EXERCISE —
Write out again the lines from the line with "Apple Event September 2019 Transparent" up to and including the line with "Residential societies join", exactly as they stand below, and skip any picture.

RECORDS FOR THE TASK —
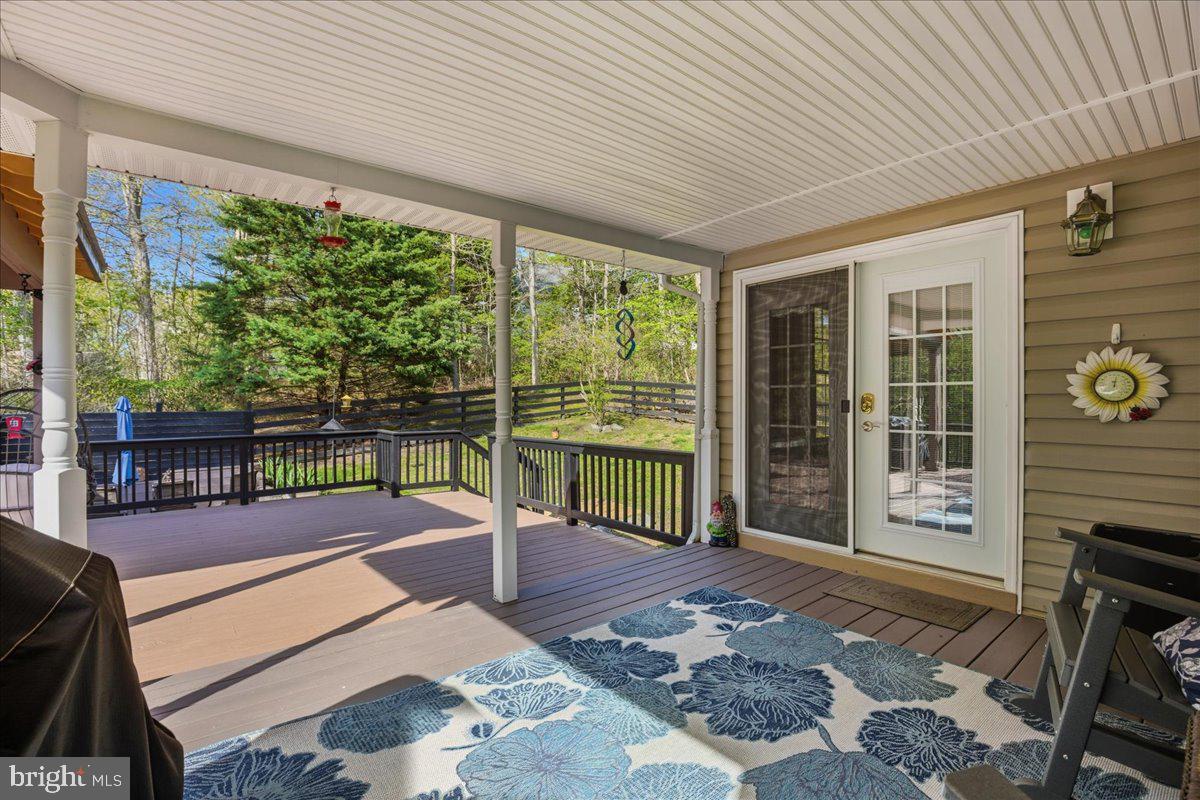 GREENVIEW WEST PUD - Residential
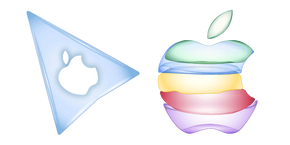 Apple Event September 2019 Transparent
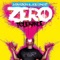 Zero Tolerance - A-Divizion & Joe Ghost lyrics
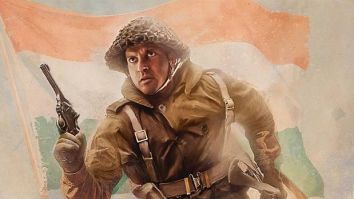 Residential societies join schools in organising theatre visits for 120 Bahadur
...
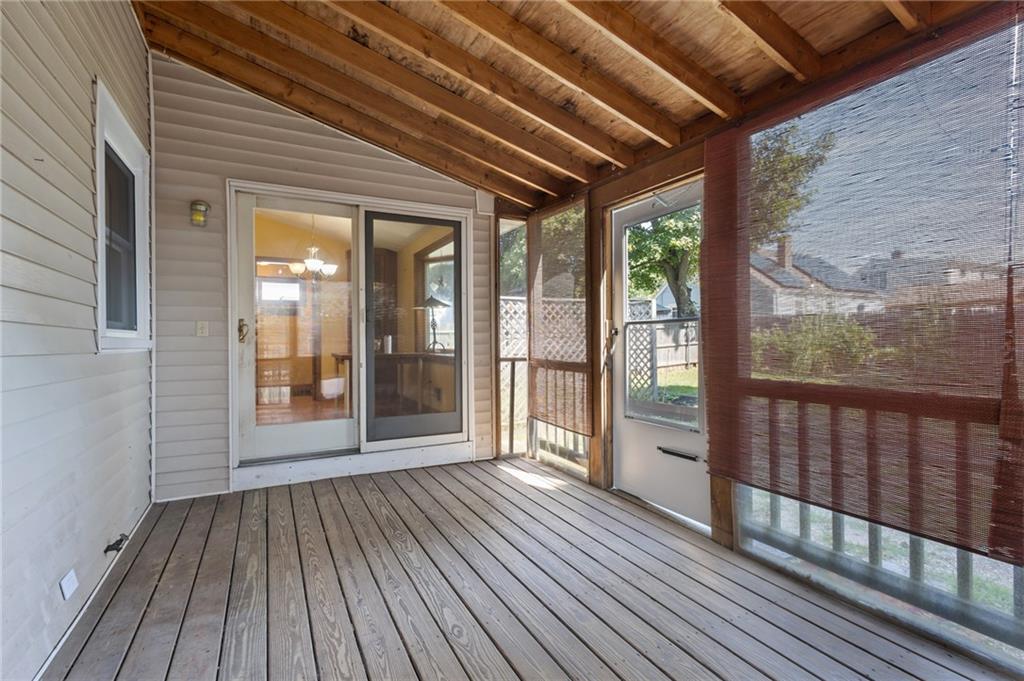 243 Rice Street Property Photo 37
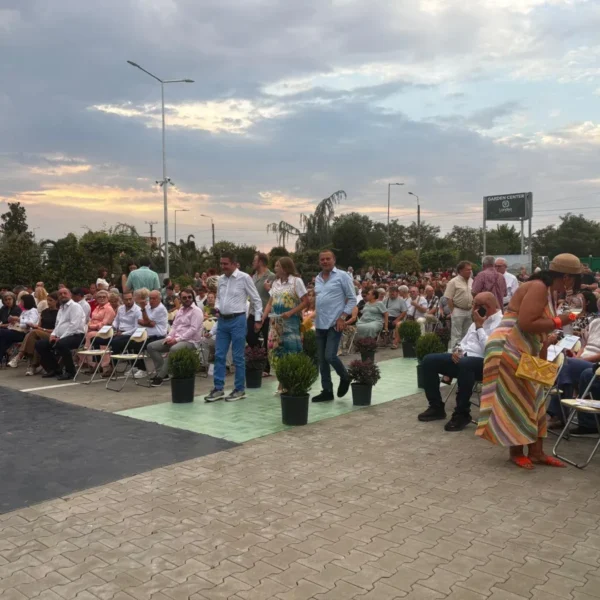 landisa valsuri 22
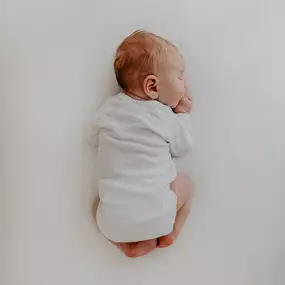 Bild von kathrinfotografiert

YOUR RESPONSE —
 Apple Event September 2019 Transparent
 Zero Tolerance - A-Divizion & Joe Ghost lyrics
 Residential societies join schools in organising theatre visits for 120 Bahadur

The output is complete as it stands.